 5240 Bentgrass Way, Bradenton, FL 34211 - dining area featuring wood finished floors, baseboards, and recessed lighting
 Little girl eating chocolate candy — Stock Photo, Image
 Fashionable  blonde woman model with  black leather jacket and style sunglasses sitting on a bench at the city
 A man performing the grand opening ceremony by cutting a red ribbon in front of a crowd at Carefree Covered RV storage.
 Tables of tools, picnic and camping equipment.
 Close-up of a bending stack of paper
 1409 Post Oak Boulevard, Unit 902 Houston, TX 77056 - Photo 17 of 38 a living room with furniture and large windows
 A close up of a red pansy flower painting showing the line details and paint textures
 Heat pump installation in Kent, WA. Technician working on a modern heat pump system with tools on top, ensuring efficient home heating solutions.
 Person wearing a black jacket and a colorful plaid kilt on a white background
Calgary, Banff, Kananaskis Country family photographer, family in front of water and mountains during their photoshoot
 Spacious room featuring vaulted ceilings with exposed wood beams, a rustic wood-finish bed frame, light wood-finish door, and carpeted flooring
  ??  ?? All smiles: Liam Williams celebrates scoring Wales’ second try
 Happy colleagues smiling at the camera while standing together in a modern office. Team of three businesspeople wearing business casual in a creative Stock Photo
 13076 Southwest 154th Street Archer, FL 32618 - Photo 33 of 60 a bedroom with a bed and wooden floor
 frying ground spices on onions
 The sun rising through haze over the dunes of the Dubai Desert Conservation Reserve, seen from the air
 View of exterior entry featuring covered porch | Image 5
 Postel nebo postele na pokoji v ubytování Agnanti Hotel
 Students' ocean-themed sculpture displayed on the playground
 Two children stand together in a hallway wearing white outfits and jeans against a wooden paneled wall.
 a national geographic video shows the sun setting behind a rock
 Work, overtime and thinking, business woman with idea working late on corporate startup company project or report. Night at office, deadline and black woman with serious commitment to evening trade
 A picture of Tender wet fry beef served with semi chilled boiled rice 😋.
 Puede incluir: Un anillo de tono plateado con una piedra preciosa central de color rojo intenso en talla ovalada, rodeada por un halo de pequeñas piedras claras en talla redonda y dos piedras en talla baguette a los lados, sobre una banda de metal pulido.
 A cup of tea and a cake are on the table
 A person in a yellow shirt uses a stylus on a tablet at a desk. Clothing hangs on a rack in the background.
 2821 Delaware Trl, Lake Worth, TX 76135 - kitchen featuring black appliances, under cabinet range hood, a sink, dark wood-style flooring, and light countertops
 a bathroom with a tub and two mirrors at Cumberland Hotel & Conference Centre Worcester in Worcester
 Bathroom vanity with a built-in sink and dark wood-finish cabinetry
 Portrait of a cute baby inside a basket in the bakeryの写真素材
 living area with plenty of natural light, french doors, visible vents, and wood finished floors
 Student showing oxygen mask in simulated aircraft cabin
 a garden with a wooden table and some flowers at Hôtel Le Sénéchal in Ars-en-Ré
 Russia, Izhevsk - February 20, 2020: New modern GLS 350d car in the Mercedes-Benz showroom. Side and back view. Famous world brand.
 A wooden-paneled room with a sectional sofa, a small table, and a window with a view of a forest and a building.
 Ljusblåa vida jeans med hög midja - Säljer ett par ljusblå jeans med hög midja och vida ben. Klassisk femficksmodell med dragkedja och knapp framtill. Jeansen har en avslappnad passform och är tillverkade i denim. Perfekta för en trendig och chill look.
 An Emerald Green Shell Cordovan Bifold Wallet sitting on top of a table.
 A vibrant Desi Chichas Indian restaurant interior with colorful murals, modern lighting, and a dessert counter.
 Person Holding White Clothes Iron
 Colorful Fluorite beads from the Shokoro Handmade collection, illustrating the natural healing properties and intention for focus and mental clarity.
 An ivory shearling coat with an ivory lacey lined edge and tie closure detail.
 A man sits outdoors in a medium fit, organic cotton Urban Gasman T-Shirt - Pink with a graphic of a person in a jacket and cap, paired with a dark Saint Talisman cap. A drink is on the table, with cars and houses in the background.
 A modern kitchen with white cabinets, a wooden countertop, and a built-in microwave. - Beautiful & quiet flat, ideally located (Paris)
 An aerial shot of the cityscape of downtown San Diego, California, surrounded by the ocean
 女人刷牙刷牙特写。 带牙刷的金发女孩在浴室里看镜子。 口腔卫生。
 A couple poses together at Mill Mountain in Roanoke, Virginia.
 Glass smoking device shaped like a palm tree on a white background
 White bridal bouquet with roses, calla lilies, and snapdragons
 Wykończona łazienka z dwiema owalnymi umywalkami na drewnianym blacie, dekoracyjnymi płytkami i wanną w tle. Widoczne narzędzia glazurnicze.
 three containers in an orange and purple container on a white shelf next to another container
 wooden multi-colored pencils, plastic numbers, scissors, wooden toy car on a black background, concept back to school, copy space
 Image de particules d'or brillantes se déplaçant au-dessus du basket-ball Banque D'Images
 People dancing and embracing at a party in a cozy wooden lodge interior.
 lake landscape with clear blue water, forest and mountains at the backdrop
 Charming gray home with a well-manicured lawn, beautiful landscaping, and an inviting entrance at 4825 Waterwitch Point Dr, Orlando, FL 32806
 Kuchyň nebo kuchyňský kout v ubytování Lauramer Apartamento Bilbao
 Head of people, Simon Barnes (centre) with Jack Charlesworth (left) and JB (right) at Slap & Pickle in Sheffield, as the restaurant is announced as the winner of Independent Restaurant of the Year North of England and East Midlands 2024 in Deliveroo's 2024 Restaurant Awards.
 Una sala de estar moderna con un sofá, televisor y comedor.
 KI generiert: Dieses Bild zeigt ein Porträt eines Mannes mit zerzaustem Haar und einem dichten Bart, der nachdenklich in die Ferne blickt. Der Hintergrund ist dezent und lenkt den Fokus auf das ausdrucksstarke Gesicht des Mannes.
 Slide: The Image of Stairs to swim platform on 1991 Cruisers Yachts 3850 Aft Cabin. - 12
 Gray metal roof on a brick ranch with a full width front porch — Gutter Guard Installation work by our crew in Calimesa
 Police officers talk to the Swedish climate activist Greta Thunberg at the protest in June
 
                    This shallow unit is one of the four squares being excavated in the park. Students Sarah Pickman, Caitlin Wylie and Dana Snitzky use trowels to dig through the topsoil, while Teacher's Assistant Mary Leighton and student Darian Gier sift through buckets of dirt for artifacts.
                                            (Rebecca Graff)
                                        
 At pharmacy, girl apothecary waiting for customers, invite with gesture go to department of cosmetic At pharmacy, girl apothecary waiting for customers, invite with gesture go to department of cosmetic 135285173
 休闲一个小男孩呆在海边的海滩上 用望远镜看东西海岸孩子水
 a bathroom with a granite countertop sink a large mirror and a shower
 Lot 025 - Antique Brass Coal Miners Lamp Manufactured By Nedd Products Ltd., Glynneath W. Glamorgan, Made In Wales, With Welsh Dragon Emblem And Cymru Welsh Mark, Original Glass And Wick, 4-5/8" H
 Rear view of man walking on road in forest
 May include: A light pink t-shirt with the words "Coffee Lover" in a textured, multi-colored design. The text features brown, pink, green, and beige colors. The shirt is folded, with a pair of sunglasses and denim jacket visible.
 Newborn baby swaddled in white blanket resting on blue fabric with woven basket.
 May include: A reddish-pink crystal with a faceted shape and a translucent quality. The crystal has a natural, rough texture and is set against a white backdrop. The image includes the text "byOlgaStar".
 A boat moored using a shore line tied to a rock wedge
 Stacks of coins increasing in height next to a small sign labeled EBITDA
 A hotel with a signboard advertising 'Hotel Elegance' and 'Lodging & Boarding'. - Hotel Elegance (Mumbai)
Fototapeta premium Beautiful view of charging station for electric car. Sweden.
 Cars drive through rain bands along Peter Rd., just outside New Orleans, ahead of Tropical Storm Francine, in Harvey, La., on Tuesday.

WHAT THE TASK ASKS - In the entries above, copy the lines from the one that contains "Fototapeta premium Beautiful" through the last line, exactly as they appear.

RESULT -
Fototapeta premium Beautiful view of charging station for electric car. Sweden.
 Cars drive through rain bands along Peter Rd., just outside New Orleans, ahead of Tropical Storm Francine, in Harvey, La., on Tuesday.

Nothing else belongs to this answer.